宇宙旅行が行われる時代を舞台に、惑星キャンプに向かい宇宙で遭難した高校生たちが、遭難の原因を探りながら協力し成長していく姿を描くSFミステリー。西暦2063年、ケアード高校では大自然の中、生徒だけで5日間を過ごすという行事、惑星キャンプが行われていた。無作為に選出された8人とキャンプ課題により同行することになった10歳のフニシアは惑星マクパに降り立つ。しかし、到着後すぐに謎の球体に吸い込まれ、気が付くと宇宙空間に投げ出されていた。2019年7月にテレビアニメ化。
惑星キャンプのメンバーに選ばれたうちの1人、ウルガー・ツヴァイクは17歳。黒髪に長い前髪が特徴的だ。クールな一匹狼で、他者となれ合うことを嫌っているが、それにはウルガーの複雑な事情が関係している。ウルガーはブランド物のニット帽を被っているが、亡くなった兄との思い出の品であり、兄弟をつなぐ絆の役割を担っている。ウルガーは兄の死の真相を暴くこと、復讐することを目的としており、ニット帽はいわばその復讐心を忘れないようにするためのアイテムと言っても過言ではない。しかし、物語が進むにつれ、その意味合いが変わってくる。班の仲間や、目的を果たすために殺害するつもりだった相手とのかかわりの中で、ウルガーは人間として大きく成長していく。ウルガーの兄はフリージャーナリストで、ウルガーもジャーナリストを目指していた。改めて歩み始めた夢は、復讐心から志したものとは違って感じられるだろう。ニット帽が、亡き人の志も伝えてくれる。
孤児院で幸せな生活を送っていた少年少女たちが、自分たちを取り巻く真実を知り、過酷な運命に抗おうとする脱獄ダークファンタジー。孤児院「グレイス=フィールド ハウス」では38人の子供たちが生活していた。11歳のエマはノーマン、レイと共に最年長で、子供たちをまとめる立場にある。「外」への漠然とした不安はあるものの、幸せに生活していた。ある日、里親の元に行くことになった年下のコニーの忘れ物を届けに門の外へ出た時、エマたちは驚愕の事実を知る。
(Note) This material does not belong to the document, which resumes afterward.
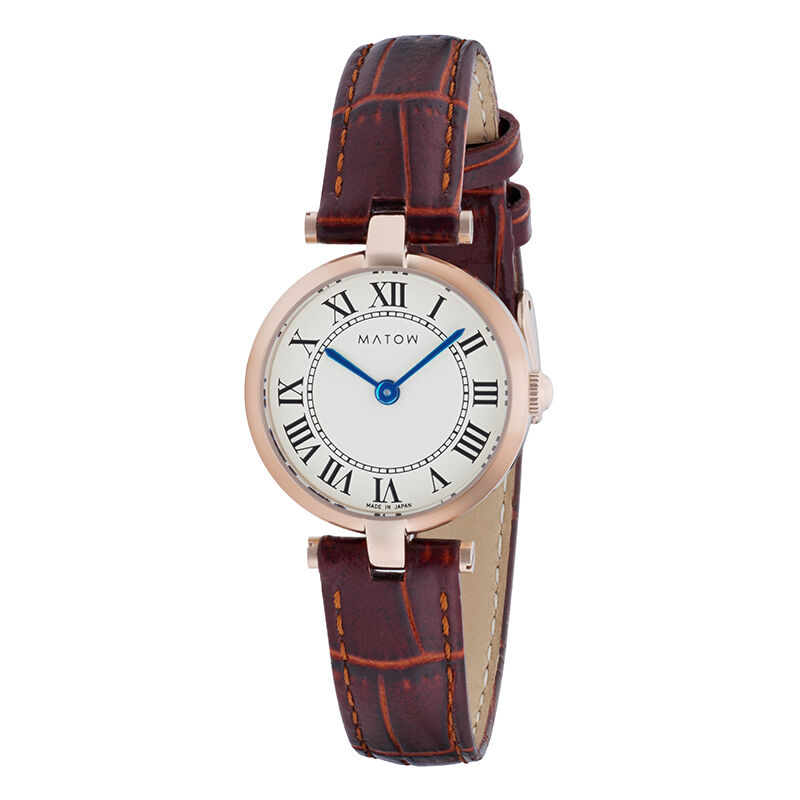 MATOW「〈MATOW (マトウ)〉ｱｳﾗ ﾗｳﾝﾄﾞﾛｰｽﾞｺﾞｰﾙﾄﾞ ﾌﾞﾗｳﾝﾚｻﾞｰ」|腕時計|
2019年1月にテレビアニメ化。
主人公、エマたちの生活する孤児院の外には、人を食用とする「知性鬼」が住むという、驚愕の世界が広がっていた。エマたちの住むような孤児院は他にもあり、食用にするための子供たちが育てられていたのである。「グレイス=フィールド ハウス」以外にもそのような施設はあり、そのうちの一つ、グランド=ヴァレーと特殊な環境であるゴールディ・ポンド(GP)で生活しているのが、ジリアンである。猫目でいつも明るい笑顔の少女で、GPでは食料調達を担当。ニット帽を被っており、帽子や服についているワッペンは、GPにいるピエロから調達し、手作りしている。このピエロのワッペンと常に笑顔で陽気な性格ということもあってか、どこか底知れなさがあったジリアンだが、姉のような存在だった少女を、鬼に殺されている。GPが鬼たちの猟場という特殊な環境だからこそ、より一層鬼に対する憎悪の気持ちが強いのだろう。服装にもこだわりがあり、女の子らしいジリアンだからこそ、鬼気迫った時の表情の凄みが増すのだろう。
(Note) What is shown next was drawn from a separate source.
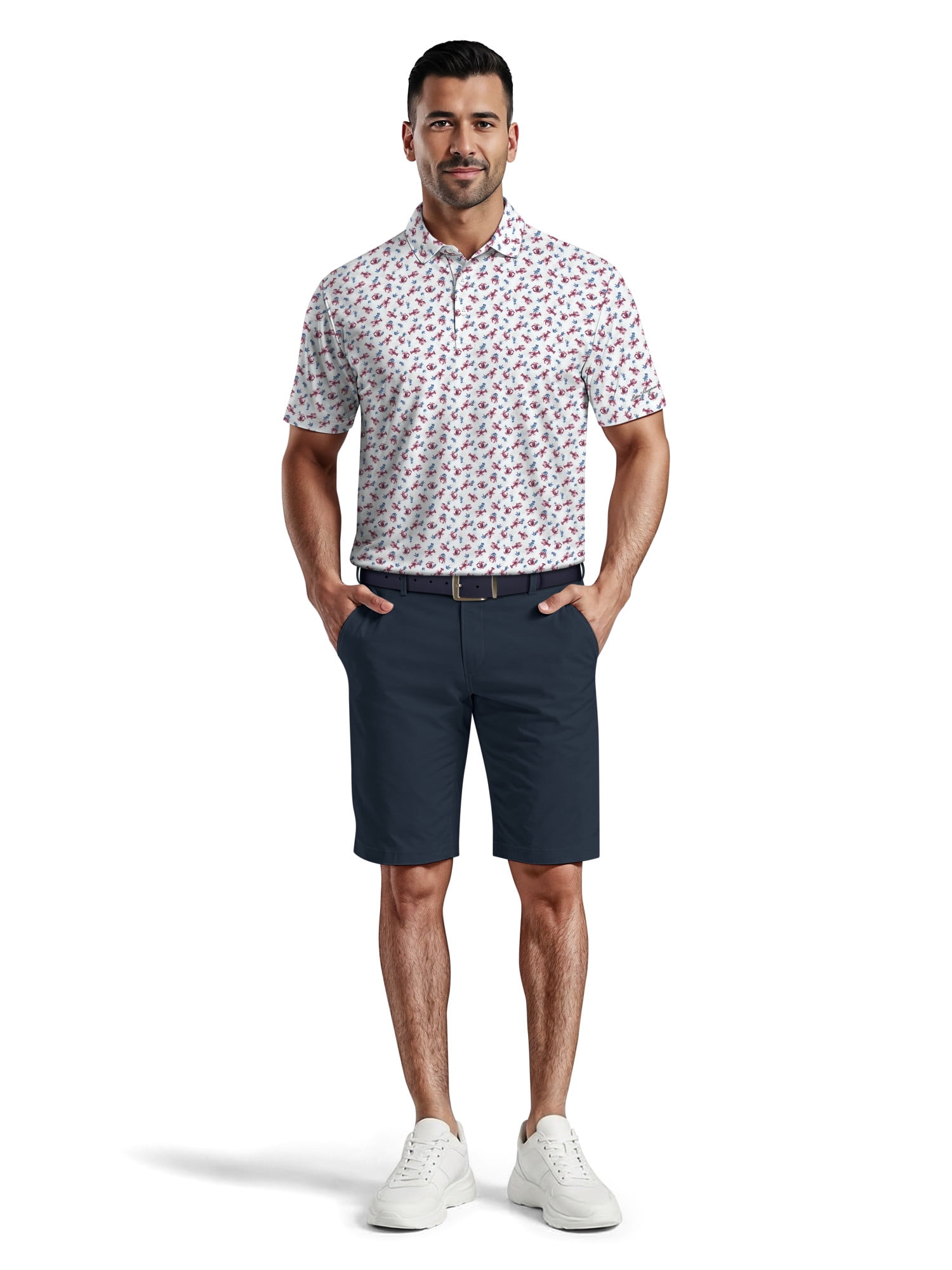 Ben Hogan Men's & Big Men's Performance Lobster Print Golf Short Sleeve Polo Shirt, up to 5XL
麻雀がより社会に浸透した現代で、旧友の活躍を見た奈良県の女子高校生が麻雀部をつくり、インターハイ出場を目指す姿を描く青春麻雀漫画。奈良県の山間の小学校に、都会から原村和(はらむらのどか)が転校してきた。高鴨穏乃(たかかもしずの)、新子憧(あたらしあこ)は麻雀を通じ和と仲良くなったが、中学進学とともに和が再び転校してからは音信不通になってしまう。ある日、テレビで和の麻雀での活躍を知った穏乃は、再び麻雀をすることを決意。阿知賀女子学院高等部に進学し、憧らとともに麻雀部復活を目指すことになる。原作は小林立。アニメなどメディアミクス多数。
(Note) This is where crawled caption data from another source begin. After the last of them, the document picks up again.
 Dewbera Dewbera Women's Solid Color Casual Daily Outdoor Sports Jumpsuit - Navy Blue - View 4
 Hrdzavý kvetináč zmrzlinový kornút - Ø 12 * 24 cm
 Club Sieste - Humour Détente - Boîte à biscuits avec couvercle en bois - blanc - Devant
本作は、女子高校生たちが麻雀に打ち込む青春漫画である。麻雀が社会に浸透しており、学校に麻雀部がある本作。全国大会なども開催されており、まさしく青春をかけて戦っている。団体戦は各5人が出場し、先鋒、次鋒、中堅、副将、大将と順番に打っていくのだが、後半になるほど点差による自由が利かなくなるため、各チームのエースは先鋒で出てくる場合が多い。浅見花子は、埼玉県越谷女子高校の代表選手である。阿知賀女子学院高等部とは全国大会2回戦で当たるライバル校の生徒だ。白のニット帽には特徴的な×(バツ)印。自転車が好きでボーイッシュ、活動的な性格が、ニット帽からも読みとれる。大会では次鋒で登場し、苦戦しながらも次の選手につないだ。目立った活躍はしていないが、麻雀をしている高校生にも、いろいろなタイプがいるという例にもなるだろう。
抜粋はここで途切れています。